Various container runtimes exist on Linux to run software without installing packages on the host system. The nature of containers implies separation of the host system which sometimes is a gap that needs to be bridged again. For systemd services the "portable service" format allows to run a service with its own dependencies bundled in a filesystem image. However, like a container it still does not make any CLI tools directly available to the host system. Therefore, a common solution is to copy a set of static binaries to the system to use the same deployment mechanism for the service and the CLI tools. The new systemd-sysext format allows to extend the host system through an overlay that integrates the bundled software similar as traditional packages do. The binaries and config files can be updated and managed through a single sysext image file. A version matching logic allows to ensure that a particular host system version is used for depending on certain features or for dynamical linking. We demonstrate how systemd-sysext helps to extend an immutable host system such as Flatcar Container Linux, both for third party user software as well as an internal building block for more modularity.
Linux package managers provide a mature way to install, update, and remove additional software on a system. If using packages is not possible or wanted, containers get used, e.g., through Docker. Containers come with upsides, such as reduced dependency requirements and increased isolation, but also downsides because they don't integrate with the system as well as packages would do. There are workarounds like creating systemd services that start the container and expose expected APIs to the system and using a wrapper script to make the container behave like the CLI tool does if installed through a package. Another approach is to use statically linked binaries for the service and the CLI tools or at least for CLI tools to complement a container. The systemd project introduced support for “portable services” which addresses the integration of a service with the system. It provides a way to set up systemd services from a container-like filesystem image that contains the systemd service definition and the required binaries and dependencies.
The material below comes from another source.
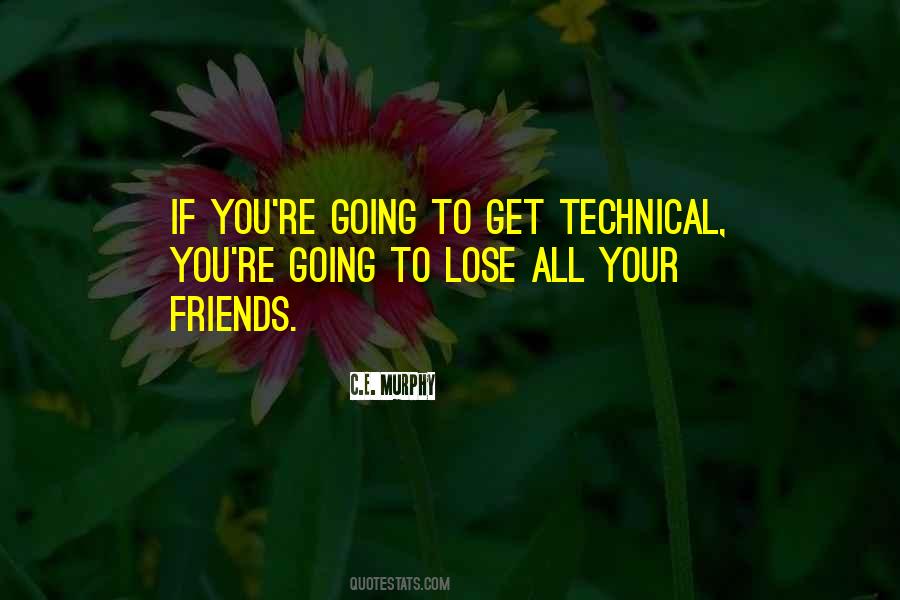 Friends You Lose Quotes #1385166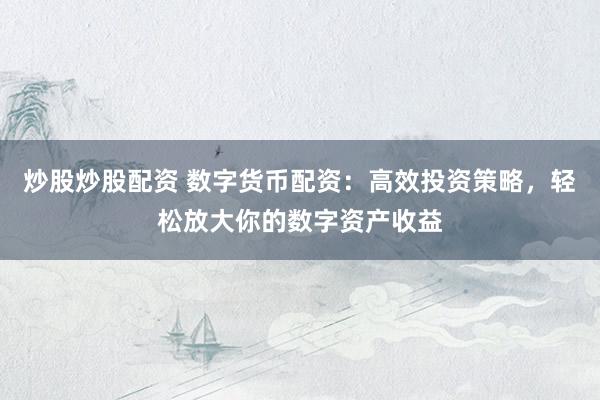 炒股炒股配资 数字货币配资：高效投资策略，轻松放大你的数字资产收益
The recent systemd-sysext format aims to address the extension of the system with additional CLI tools. It works by managing overlay mounts of the sysext images on top of the “/usr” and “/opt” system folders. This has the benefit of bundling a set of binaries inside a single image file that can be added, updated, and removed atomically. There is also a version matching logic that enables safe usage of dynamic linking and depending on certain features of the OS by ensuring that a particular host system version is used. While the primary use case is for deploying additional tools, it can also be used to provide systemd services and their binaries or temporarily overwrite host system files at runtime. Using systemd-sysext for extending the system with additional systemd services requires a small workaround but allows to bundle a service and its CLI tools into a single sysext image. In result, it integrates well with the system and behaves similar to software installed through a regular package.
There are many use cases possible for sysext images, and we will demonstrate some of them for Flatcar Container Linux, which has no package manager but at the same time needs to be open for user customization, selection of container runtimes, and optional cloud vendor tools.